Your fiddle leaf fig plant may be suffering from a lack of sunlight or inadequate nourishment if it is dropping leaves all over the plant and the leaves are yellow.
If your fiddle leaf fig has new growth and the new leaves are bigger than the old ones, your plant is likely healthy. Additionally, the plant will have glossy, brilliant green leaves and a beautiful overall appearance.
1. Ensure adequate drainage.
Plants of the fiddle leaf fig don’t respond well to wet soil. The plant roots’ ability to breathe and maintain good health depends on adequate drainage.
2. Prevent overwetting.
Every time you water, give the soil a little time to dry out. The plant will die from root rot if the soil is kept wet. The book contains details on how much water was used to water fiddle leaf figs.
How can I tell if the light reaching my fiddle leaf fig is adequate?
Measuring the space between the leaves on your fiddle leaf fig tree is another proven way to determine whether it needs more sunlight.
The leaves of a fiddle will grow more closely together than those of a fiddle that must reach for its solar energy.
Here is an illustration of a fiddle leaf fig that displayed these precise signs. Just two years ago, I gave my mother this beautiful plant:
As you can see, the leaves were able to remain near to one another without suffocating one another due to the abundance of sunlight offered by the greenhouse environment. It was flawless.
I sent it over to my mother without checking for a bright spot in her home. The greatest spot she could locate in her house was close to a window, although it received little natural light.

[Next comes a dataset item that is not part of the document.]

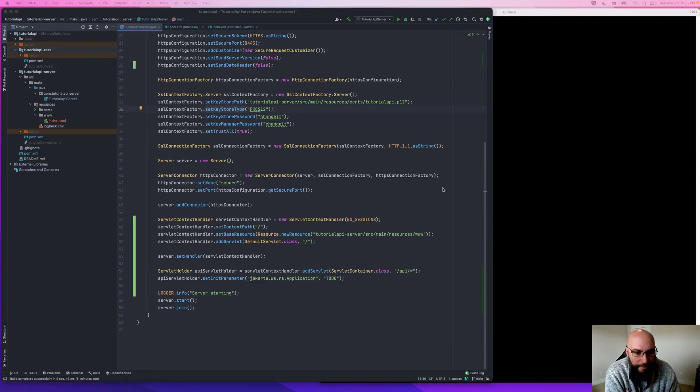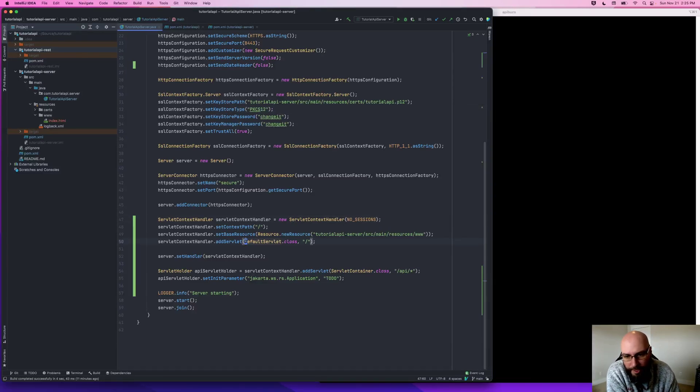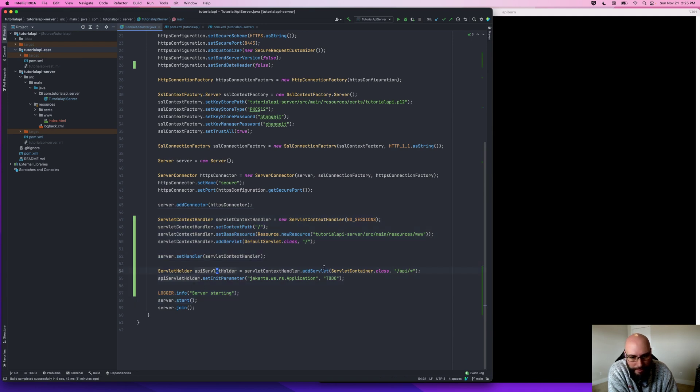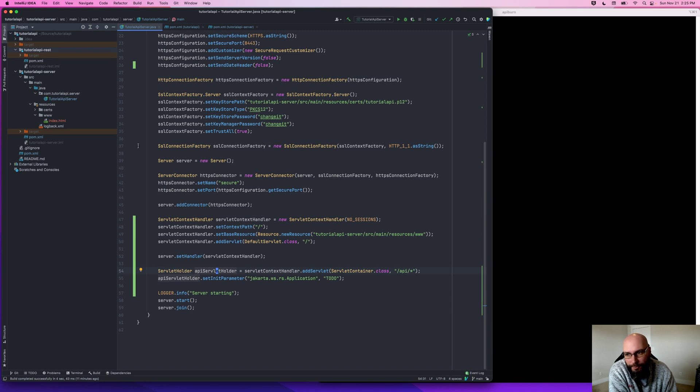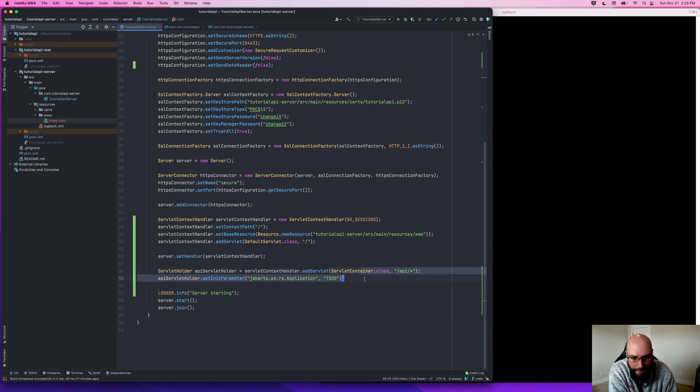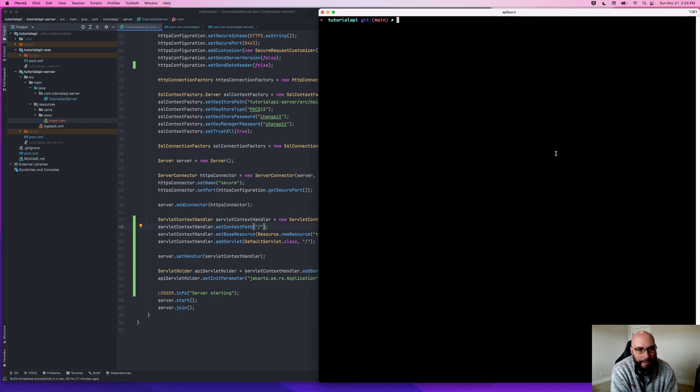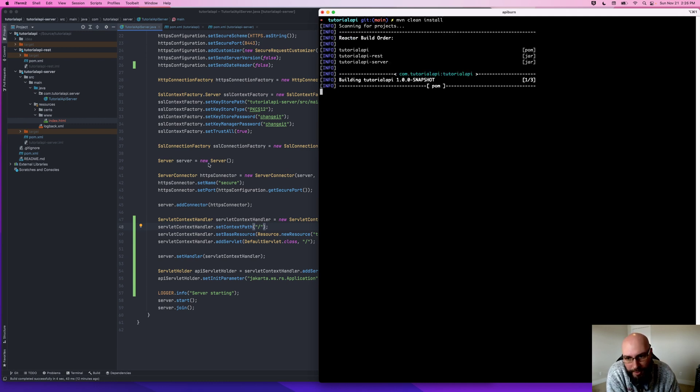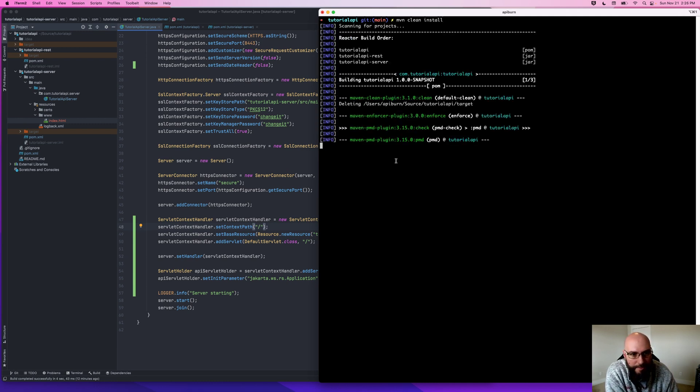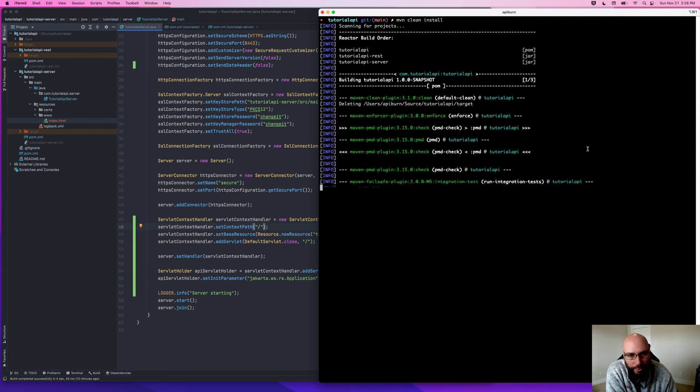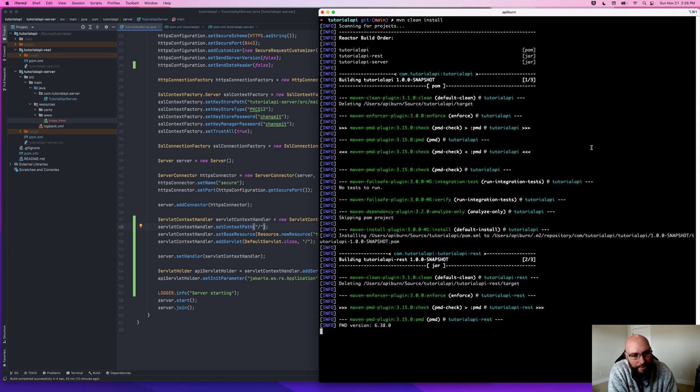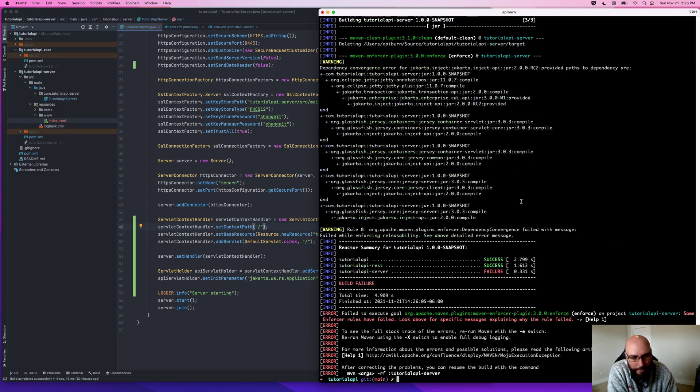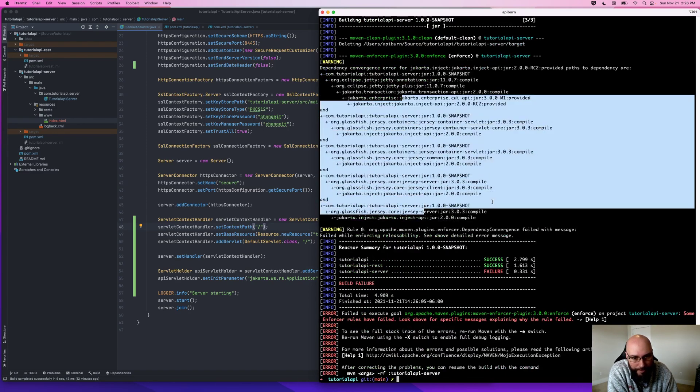Alright, continuing on from where we left off. Last time we added this servlet context stuff to allow Jetty to host some of our application files and eventually our application itself. So before we go on, let's go ahead and do a Maven clean install. We messed around with our dependencies and things, added a couple, and so we're likely going to have problems with our dependency convergence.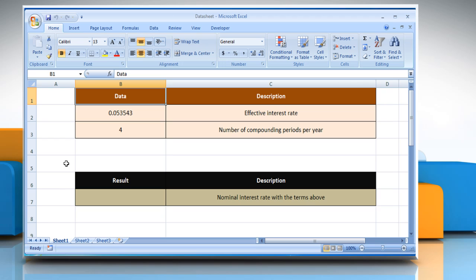The nominal function syntax has the following arguments: Effect rate, which is the effective interest rate, and PERY, which is the number of compounding periods per year.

After a year, she was able to move the large plant outside for some summer heat and humidity, but as you can see, the branches had already started to spread:
This fiddle leaf fig tree had a terrific summer, but when winter arrived, it had to return indoors.
It is now as follows:
Watch for this lanky, “reaching” appearance and address it right away by moving your plant steadily closer to the sun.
Should I remove my fiddle leaf fig’s bottom leaves?
You should be aware of what those bottom leaves do before selecting when to remove them.
Lower foliage has the same function as that fresh, vibrant growth up top: the leaves work to mix that green chlorophyll, commonly known as “the meat of the leaf,” with sunlight, carbon dioxide, and water to produce sap, the plant’s own sweet food.
So let them alone if you want the trunk, roots, and new growth to continue receiving energy from the sun through the foliar producers and absorbing it.
Another advantage of the lower leaves is that this is typically where the most frequent watering issues show up. To put it another way, many owners of fiddles may detect overwatering and underwatering based on early warning indicators from these bottom leaves. You lose access to one of the plant’s early warning systems if you remove them.
Keep in mind that the lower leaves should be saved for the very last stage of shaping because they AID in giving the tree its characteristic shape.
Once more, deciding whether or not to remove these lower leaves depends on what they do for the plant.